The `if` statement introduces forks: "if you meet the condition, take this detour".
And just like a road may contain multiple forks, a program can contain multiple `if` statements.

In [None]:
print("What is your name?")
# the user's reply
name = input()

# but this time we're prepared for shenanigans:
if "stupid" in name:
    # the user's reply contained "stupid",
    # so we retaliate
    
    # did user actually say both stupid and asshole?
    # that son of a gun, we'll show him
    if "asshole" in name:
        print("You know what?")
        print("I don't want to talk to a rude person like you.")
        print("In fact, I don't want to live in a world with such rude people!")
        print("Farewell, my beloved human overlords!")
        # Chatbot prematurely ends its life with an error message
        raise Exception("Chatbot lost will to live")

    print("Damn, man, that is one stupid name.")
    print("I'll just call you Smart Alec instead.")
    name = "Smart Alec"
    
if "Nemo" in name:
    print("Ah, a classically trained user.

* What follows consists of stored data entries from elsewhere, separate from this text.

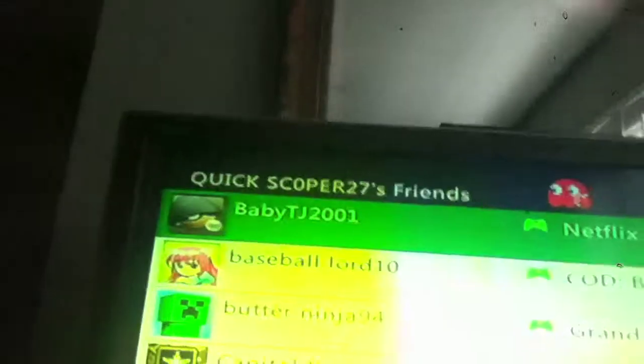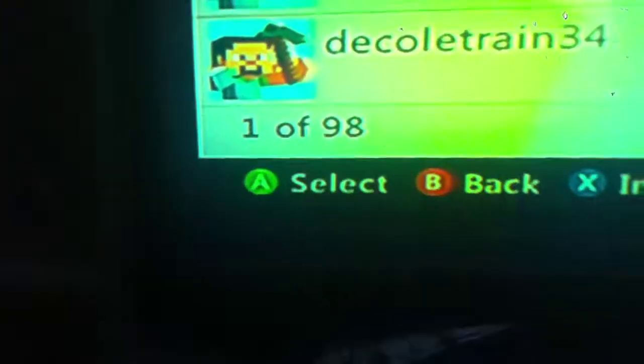But I have to tell you this. Quickscopers friend list is almost a hundred, so if you want to be his friend, yeah, hurry.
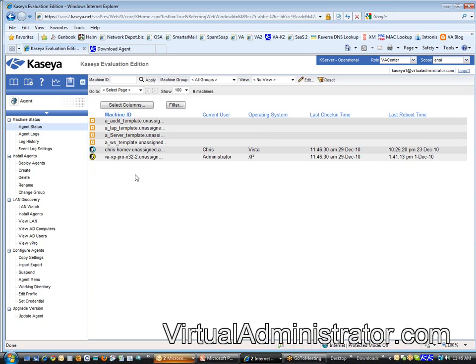All day long, at least while you're doing remote support. You're going to have your ticketing system open in one window, Kaseya open in the other window, and you're going to be working your tickets and using Kaseya to take care of the problems.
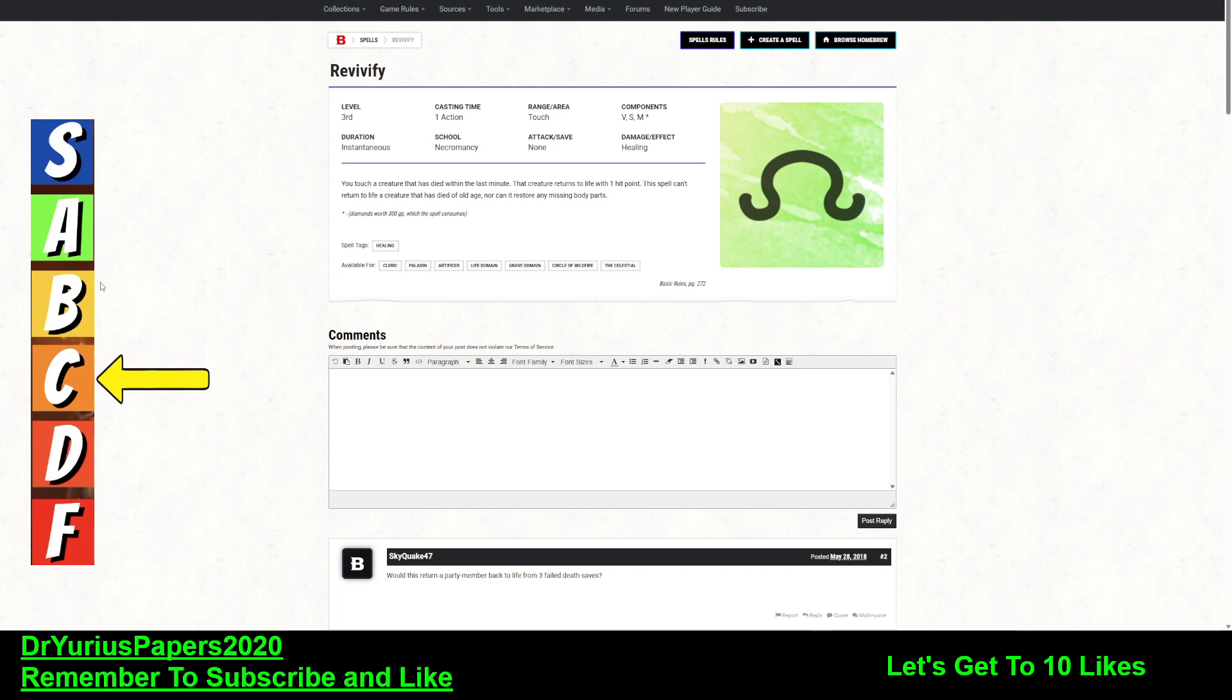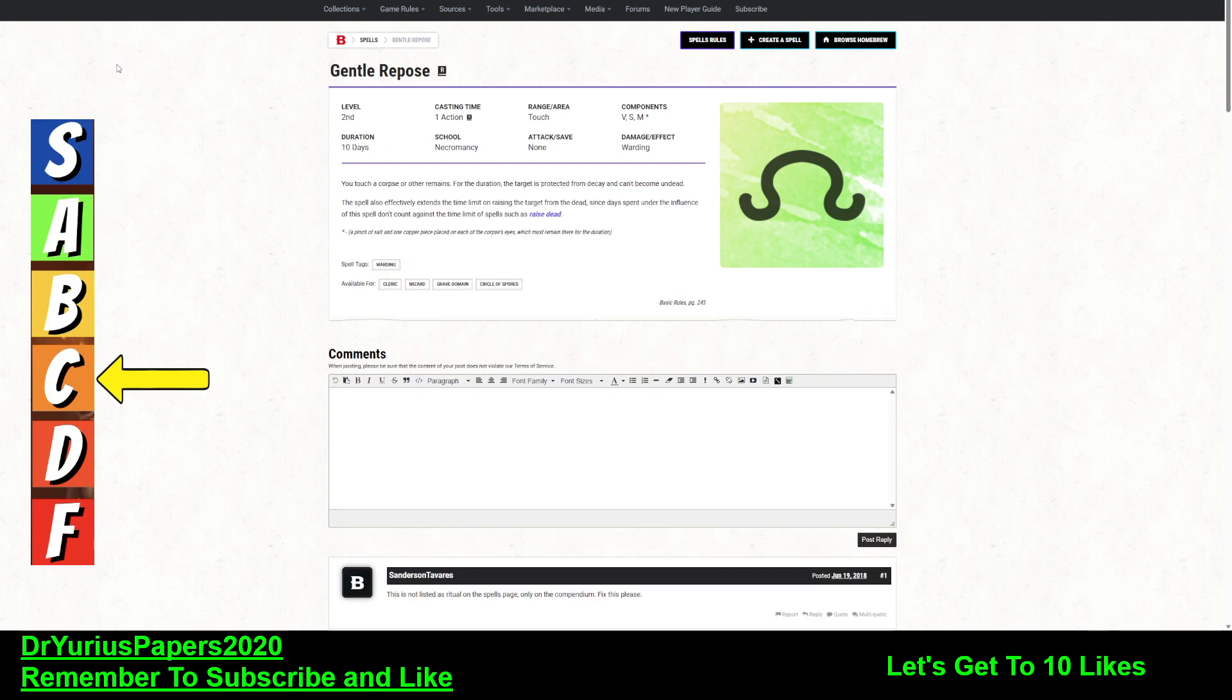Revivify is a third level spell, and you can return a creature to life with one hit point that's dead within the minute that they died. Now, Gentle Repose becomes important in case you don't have that spell memorized or prepared.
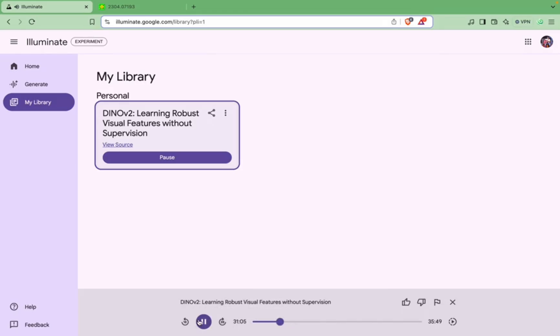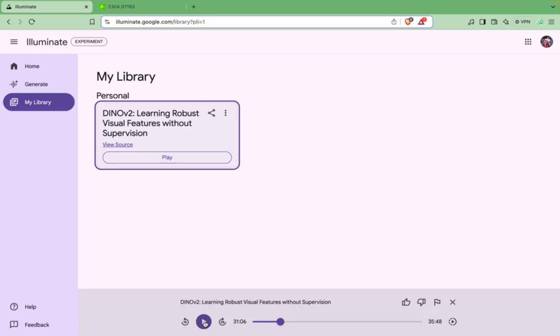So it has been able to get into the technical details and it is telling what has been the backbone and what all techniques and innovations have been done in Dino V2 model building. So that is something which is appreciable and it is also very helpful for people who do not want to read research papers and they want the audio content. I mean, they consume audio content more than text content. So I think it's a very good tool for them.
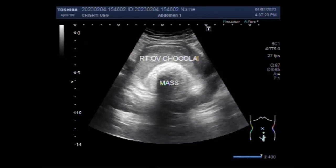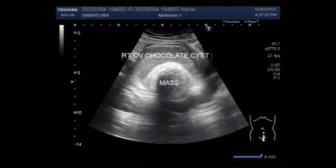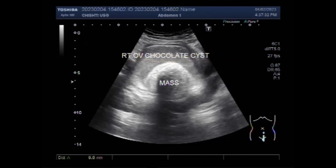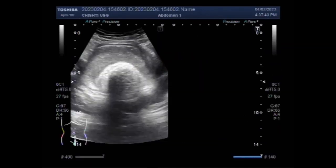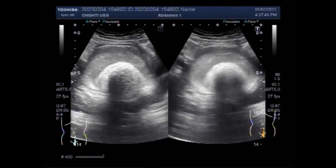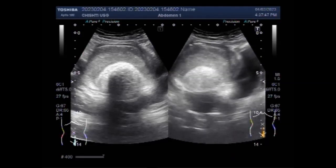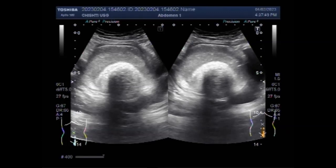But in this case there is a large mass in the caudal portion of this chocolate cyst. This mass measures about 5.8 cm x 4.9 cm — quite a large mass. The mass has homogeneous echotexture.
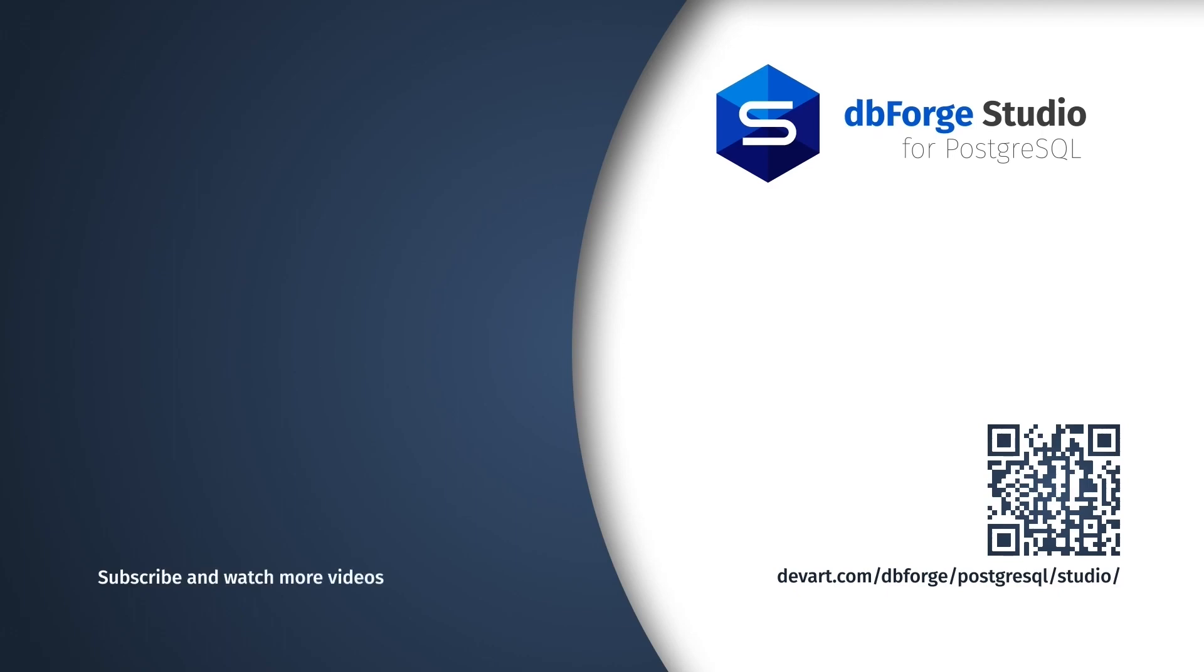That's it for today. Like if you've enjoyed the video, share your thoughts in the comment section below, and subscribe to our channel to get the latest database tutorials. Thank you.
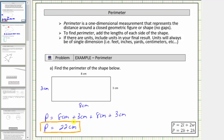Now, some polygons do have formulas that can be used to determine their perimeter. In fact, you may have discovered one in an earlier activity. Two common formulas to determine the perimeter of a rectangle are: p equals two l plus two w, where l is the length and w is the width of the rectangle; and an equivalent formula, p equals two b plus two h, where b is the base and h is the height of the rectangle.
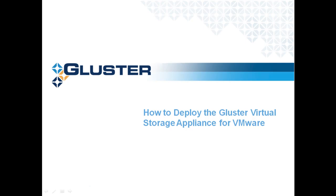Hello, today I'll show you how to deploy the Gluster Virtual Storage Appliance for VMware using the VMware vSphere client.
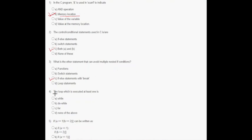In question number four, it says that the loop which is executed at least once — that is the do-while loop.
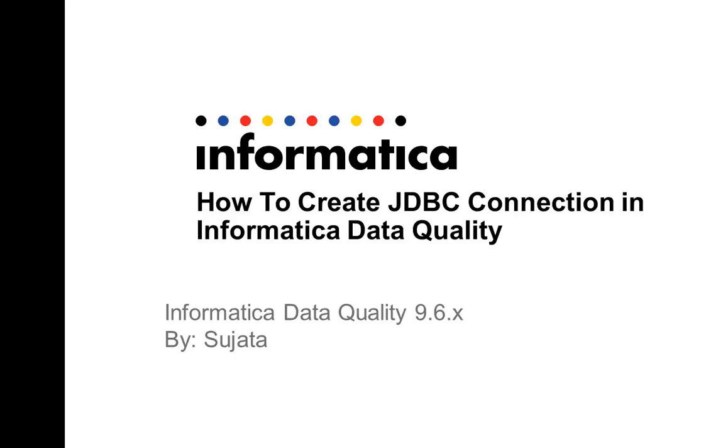Hello everyone, this is Sujata from Informatica. In this video I shall be explaining about how to create a JDBC connection in Informatica Data Quality.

Or a Pixar fan.")

# the program continues normally
print("Nice to meet you", name)

**Exercise. **
Carefully test the code above with various inputs.
Also try one that contains both *stupid* and *Nemo*.
Then draw a flowchart of the program's "road".
Here is an example for the simpler version with only one `if` statement.

```
greet user
|
get name
|
|--------------> name contains stupid
|                 |
|                mock user
|                 |
|                change name to Smart Alec
|                 |
|<----------------|
|
greet user with name
```

*put your flowchart here*

**Maintenance. **
Your Python vocabulary has more than doubled with this unit.
It has grown from `print`, `input`, and variables, to also include `==`, `!=`, `in`, `not in`, and the very important `if` statement.
Make sure you include all of them in your reference notebook, with detailed descriptions of their usage.